§ **TASK OBJECTIVE**:
The answer should hold every line of the listing, unchanged and free of images.

§ **INFORMATION GIVEN**:
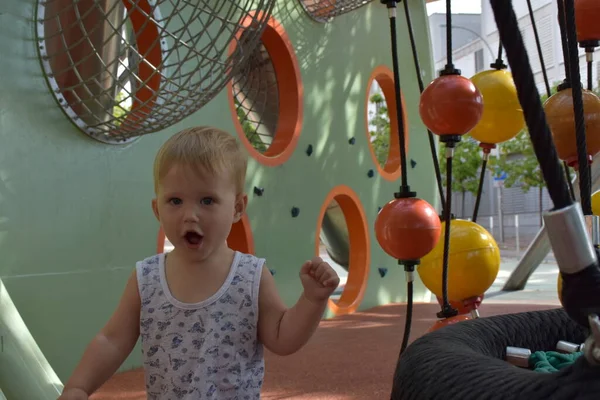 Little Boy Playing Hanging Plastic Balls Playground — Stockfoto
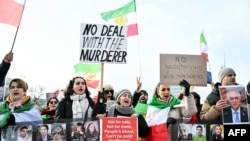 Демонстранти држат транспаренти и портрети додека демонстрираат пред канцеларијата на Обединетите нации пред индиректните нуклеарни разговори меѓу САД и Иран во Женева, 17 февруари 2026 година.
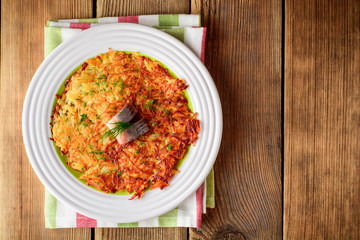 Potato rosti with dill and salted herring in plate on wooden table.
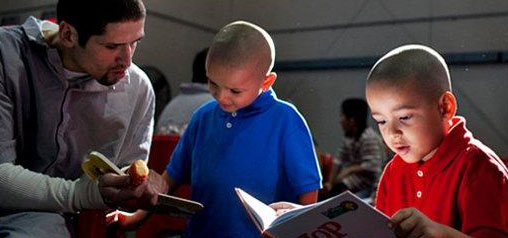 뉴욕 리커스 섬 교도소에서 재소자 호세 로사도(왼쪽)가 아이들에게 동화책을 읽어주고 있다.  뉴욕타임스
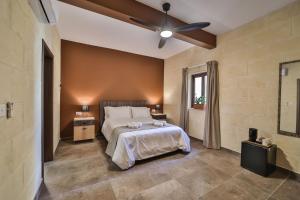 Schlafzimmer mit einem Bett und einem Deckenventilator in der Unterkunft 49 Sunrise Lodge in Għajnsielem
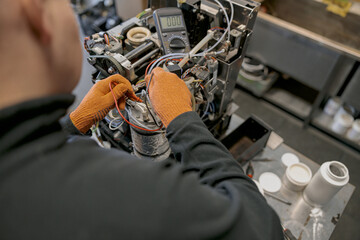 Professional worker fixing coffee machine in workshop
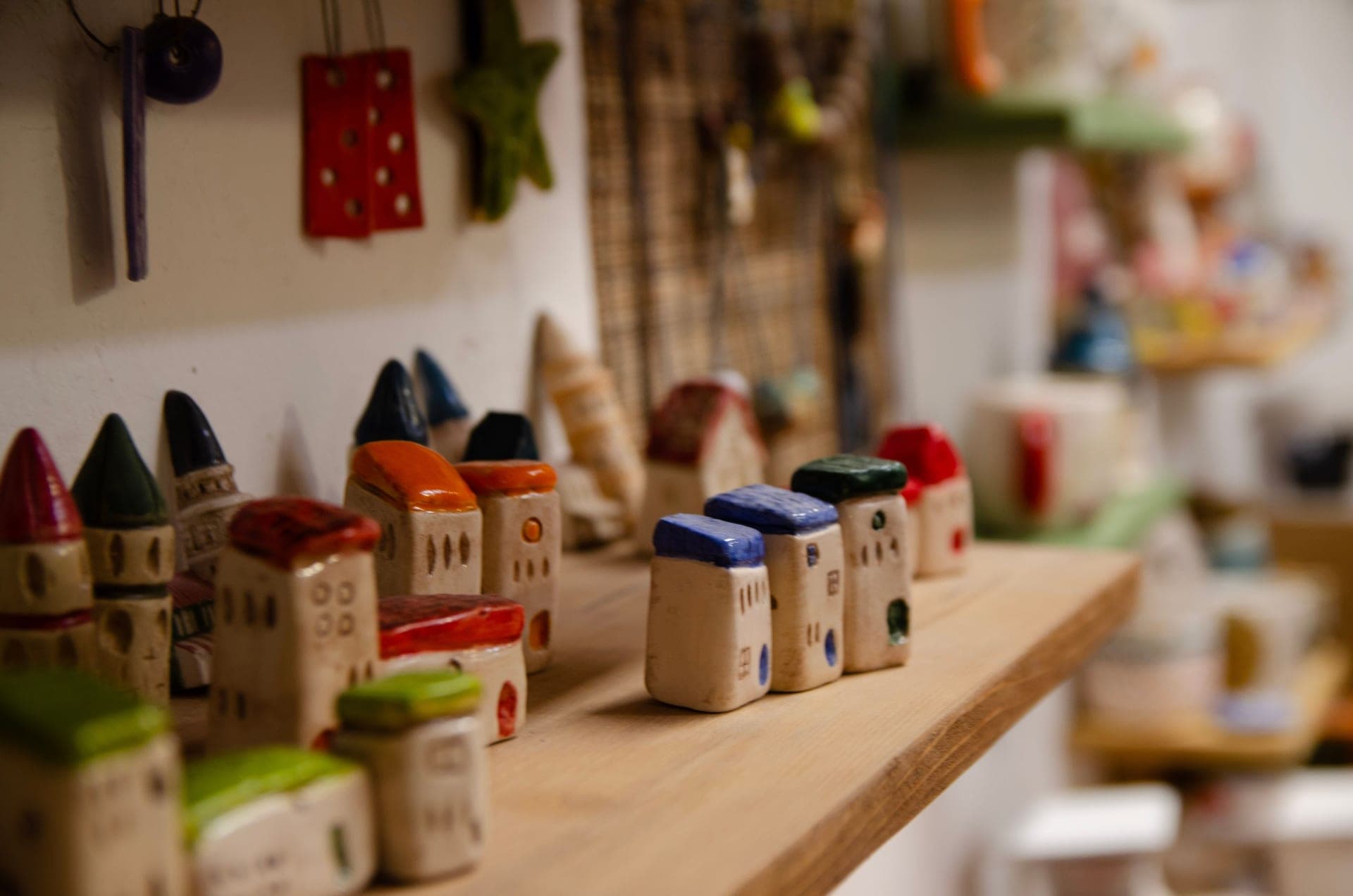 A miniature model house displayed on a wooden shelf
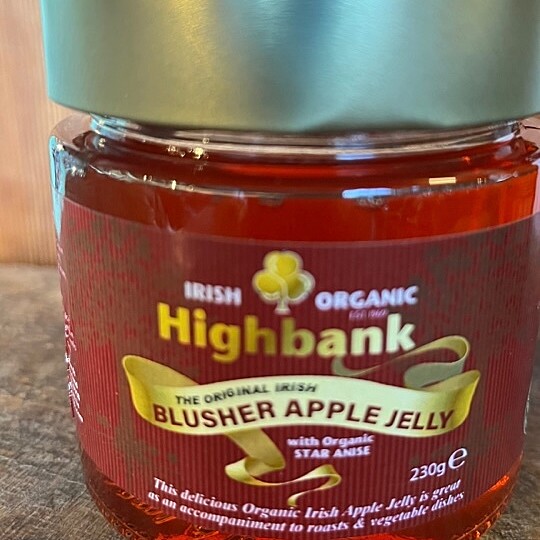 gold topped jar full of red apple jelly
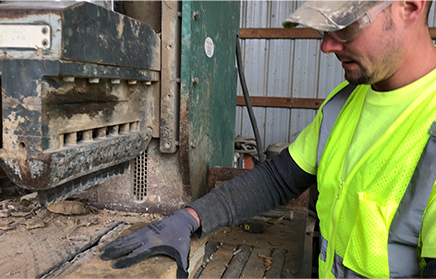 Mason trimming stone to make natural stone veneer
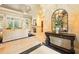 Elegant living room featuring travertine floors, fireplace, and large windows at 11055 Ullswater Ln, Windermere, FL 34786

§ **OUTPUT OF THE EXERCISE**:
 Little Boy Playing Hanging Plastic Balls Playground — Stockfoto
 Демонстранти држат транспаренти и портрети додека демонстрираат пред канцеларијата на Обединетите нации пред индиректните нуклеарни разговори меѓу САД и Иран во Женева, 17 февруари 2026 година.
 Potato rosti with dill and salted herring in plate on wooden table.
 뉴욕 리커스 섬 교도소에서 재소자 호세 로사도(왼쪽)가 아이들에게 동화책을 읽어주고 있다.  뉴욕타임스
 Schlafzimmer mit einem Bett und einem Deckenventilator in der Unterkunft 49 Sunrise Lodge in Għajnsielem
 Professional worker fixing coffee machine in workshop
 A miniature model house displayed on a wooden shelf
 gold topped jar full of red apple jelly
 Mason trimming stone to make natural stone veneer
 Elegant living room featuring travertine floors, fireplace, and large windows at 11055 Ullswater Ln, Windermere, FL 34786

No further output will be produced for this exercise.